Once in power, the BC NDP wasted no time in showing their true colours - ideological to a fault, and tone deaf to constituents, families and small businesses, while pandering to unions, extreme environmentalists, and the radical wing of their party. David Eby championed many of the most harmful measures in their first Budget.
The school tax surcharge is a case in point.
This tax came out of the blue in Budget 2018. Voters in Vancouver - Point Grey did not vote for a cash grab surcharge on selected homes. It’s a targeted attack on imaginary “windfalls” when no such thing exists. A tax of this kind on assessed values is unheard of in Canadian tax policy. This policy is unfair, and wholly ineffective for any purpose other than filling the NDP’s coffers to fund their pet projects.
And Eby wore it proudly.
The earliest possible date for recall was approaching quickly. Voters in Vancouver - Point Grey were talking - loudly - about filing a recall petition. A website had been set up. People were angry, talking to each other, and getting organized.

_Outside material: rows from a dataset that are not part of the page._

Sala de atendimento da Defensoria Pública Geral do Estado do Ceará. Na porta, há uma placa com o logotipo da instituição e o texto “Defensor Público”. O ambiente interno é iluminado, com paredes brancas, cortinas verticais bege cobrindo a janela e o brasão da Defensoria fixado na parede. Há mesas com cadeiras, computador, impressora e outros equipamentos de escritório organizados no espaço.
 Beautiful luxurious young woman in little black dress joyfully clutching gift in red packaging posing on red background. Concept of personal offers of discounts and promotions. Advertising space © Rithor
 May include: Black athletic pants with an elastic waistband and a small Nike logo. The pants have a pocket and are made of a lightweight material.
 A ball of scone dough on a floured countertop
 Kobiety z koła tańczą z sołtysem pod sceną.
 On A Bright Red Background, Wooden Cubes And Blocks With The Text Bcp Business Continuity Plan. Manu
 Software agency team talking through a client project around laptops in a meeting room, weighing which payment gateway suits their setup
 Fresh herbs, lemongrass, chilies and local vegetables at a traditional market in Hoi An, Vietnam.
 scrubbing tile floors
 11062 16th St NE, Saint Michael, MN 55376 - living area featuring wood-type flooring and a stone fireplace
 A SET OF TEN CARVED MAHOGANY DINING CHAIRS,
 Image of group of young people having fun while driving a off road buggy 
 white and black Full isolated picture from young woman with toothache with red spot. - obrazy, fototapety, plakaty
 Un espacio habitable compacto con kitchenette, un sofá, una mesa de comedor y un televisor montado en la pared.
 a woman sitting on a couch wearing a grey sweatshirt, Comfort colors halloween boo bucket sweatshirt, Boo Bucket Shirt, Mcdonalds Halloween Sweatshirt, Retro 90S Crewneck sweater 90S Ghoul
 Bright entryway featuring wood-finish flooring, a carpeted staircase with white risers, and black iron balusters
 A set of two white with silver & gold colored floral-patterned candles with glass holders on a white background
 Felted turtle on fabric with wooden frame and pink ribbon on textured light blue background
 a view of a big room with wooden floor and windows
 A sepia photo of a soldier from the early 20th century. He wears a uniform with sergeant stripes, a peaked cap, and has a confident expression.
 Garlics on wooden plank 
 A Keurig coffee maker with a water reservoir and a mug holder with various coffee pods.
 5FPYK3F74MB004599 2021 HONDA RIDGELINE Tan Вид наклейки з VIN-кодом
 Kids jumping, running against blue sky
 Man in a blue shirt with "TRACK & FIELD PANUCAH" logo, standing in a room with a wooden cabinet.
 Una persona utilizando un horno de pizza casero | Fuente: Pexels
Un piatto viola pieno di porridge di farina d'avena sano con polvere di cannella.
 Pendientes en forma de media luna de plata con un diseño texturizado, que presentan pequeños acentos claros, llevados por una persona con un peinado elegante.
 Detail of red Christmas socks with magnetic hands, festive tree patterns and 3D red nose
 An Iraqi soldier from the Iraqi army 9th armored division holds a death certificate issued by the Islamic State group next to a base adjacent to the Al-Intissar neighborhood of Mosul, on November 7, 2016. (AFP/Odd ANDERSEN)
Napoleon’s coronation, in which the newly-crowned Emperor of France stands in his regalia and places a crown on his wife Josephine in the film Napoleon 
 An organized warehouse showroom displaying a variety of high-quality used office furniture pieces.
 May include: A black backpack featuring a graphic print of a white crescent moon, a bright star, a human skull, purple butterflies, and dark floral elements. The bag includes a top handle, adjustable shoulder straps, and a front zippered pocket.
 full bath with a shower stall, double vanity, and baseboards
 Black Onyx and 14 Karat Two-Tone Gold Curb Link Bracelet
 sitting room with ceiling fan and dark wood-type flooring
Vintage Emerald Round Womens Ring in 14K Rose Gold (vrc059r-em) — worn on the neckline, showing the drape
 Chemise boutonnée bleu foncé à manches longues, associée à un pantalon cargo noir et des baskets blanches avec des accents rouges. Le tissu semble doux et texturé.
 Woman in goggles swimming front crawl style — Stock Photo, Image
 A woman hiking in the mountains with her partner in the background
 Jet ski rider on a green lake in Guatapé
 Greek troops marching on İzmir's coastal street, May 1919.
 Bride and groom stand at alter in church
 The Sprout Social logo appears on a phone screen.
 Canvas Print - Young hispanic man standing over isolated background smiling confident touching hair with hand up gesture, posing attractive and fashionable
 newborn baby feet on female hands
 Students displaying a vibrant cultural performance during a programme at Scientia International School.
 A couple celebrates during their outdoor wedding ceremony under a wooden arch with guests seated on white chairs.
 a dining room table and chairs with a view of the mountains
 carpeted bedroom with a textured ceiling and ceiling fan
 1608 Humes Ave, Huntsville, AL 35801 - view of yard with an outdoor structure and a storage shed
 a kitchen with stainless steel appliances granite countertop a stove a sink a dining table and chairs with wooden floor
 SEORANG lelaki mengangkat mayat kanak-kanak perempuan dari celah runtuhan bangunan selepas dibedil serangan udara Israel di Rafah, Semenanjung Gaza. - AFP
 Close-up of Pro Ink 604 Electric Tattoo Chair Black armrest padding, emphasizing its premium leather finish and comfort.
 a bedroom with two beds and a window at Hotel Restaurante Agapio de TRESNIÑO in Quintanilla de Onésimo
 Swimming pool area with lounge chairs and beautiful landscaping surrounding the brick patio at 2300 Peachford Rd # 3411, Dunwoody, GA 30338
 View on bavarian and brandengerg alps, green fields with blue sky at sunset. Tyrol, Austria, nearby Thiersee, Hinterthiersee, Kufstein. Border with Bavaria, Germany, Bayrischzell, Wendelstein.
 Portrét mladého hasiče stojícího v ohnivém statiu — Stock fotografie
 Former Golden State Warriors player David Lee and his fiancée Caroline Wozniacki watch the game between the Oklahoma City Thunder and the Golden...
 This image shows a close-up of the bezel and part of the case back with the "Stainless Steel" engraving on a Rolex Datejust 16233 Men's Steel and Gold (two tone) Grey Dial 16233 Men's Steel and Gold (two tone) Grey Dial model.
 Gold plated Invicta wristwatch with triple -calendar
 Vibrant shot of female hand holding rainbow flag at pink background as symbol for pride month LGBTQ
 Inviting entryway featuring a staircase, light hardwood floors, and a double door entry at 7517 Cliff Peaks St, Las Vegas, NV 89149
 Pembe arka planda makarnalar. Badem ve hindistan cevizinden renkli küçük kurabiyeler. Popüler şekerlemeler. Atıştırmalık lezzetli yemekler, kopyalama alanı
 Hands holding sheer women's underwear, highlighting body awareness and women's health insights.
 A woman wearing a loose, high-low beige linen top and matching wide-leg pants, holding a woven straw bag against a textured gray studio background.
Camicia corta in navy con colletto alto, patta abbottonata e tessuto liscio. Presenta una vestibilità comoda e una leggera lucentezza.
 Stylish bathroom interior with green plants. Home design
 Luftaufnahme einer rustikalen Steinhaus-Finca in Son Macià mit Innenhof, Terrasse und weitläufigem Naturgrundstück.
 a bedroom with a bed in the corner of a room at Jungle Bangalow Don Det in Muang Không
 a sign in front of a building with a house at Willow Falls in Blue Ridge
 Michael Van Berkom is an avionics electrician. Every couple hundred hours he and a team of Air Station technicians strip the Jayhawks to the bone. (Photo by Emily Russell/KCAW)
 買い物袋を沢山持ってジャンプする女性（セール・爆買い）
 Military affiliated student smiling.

So, Eby did what any reasonable Attorney General with a reputation as a civil rights leader would do: he hastily assembled a suite of sweeping changes to the legislation, used Parliamentary tricks to limit debate in the Legislature, and forced a vote in the eleventh hour, to protect himself.
The Results: 1) The recall time period was limited even further. Voters must wait until 18 months following an election to start the recall process, and can act no later than 6 months before the next fixed date election.
2) Only one recall petition may be active for a given MLA at any one time. It wouldn’t take too much of a tactical mind to file a fake petition and sit on it for 60 days until it expires.
3) Financial contributions to recall campaigns became strictly limited, to a maximum amount per individual, within a specific time frame, and donor information must be released to the public. Fundraising events and loans are tightly regulated.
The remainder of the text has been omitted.